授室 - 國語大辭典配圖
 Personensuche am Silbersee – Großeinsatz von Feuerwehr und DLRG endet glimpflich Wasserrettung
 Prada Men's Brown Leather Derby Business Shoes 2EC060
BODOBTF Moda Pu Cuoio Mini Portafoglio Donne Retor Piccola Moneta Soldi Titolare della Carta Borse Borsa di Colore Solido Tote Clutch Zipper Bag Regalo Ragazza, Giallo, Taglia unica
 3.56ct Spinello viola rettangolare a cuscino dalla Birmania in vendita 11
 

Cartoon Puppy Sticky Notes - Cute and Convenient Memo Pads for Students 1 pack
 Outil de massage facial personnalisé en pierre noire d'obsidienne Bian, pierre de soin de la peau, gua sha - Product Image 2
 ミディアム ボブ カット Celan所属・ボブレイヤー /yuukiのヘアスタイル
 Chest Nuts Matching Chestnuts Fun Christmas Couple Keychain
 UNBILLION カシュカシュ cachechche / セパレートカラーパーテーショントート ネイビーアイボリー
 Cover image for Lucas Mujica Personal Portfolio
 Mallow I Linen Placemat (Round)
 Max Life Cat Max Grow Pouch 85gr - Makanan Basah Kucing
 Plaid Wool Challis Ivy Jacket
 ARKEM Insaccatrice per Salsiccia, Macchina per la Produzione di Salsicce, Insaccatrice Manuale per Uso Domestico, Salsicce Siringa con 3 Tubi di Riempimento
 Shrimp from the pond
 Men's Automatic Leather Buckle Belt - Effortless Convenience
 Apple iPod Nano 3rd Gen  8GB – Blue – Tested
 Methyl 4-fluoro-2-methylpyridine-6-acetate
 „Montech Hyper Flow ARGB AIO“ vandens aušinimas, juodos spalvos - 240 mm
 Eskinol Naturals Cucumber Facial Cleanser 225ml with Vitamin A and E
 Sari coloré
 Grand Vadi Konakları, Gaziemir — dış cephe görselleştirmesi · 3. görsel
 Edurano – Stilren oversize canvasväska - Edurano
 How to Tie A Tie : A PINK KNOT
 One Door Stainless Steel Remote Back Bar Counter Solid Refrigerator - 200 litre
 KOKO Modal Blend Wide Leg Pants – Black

☆ ☆ ☆ ☆ ☆

* _Requirement_:
Go through the records and gather the lines that hold "Leather".

* _Reply_:
 Prada Men's Brown Leather Derby Business Shoes 2EC060
 Men's Automatic Leather Buckle Belt - Effortless Convenience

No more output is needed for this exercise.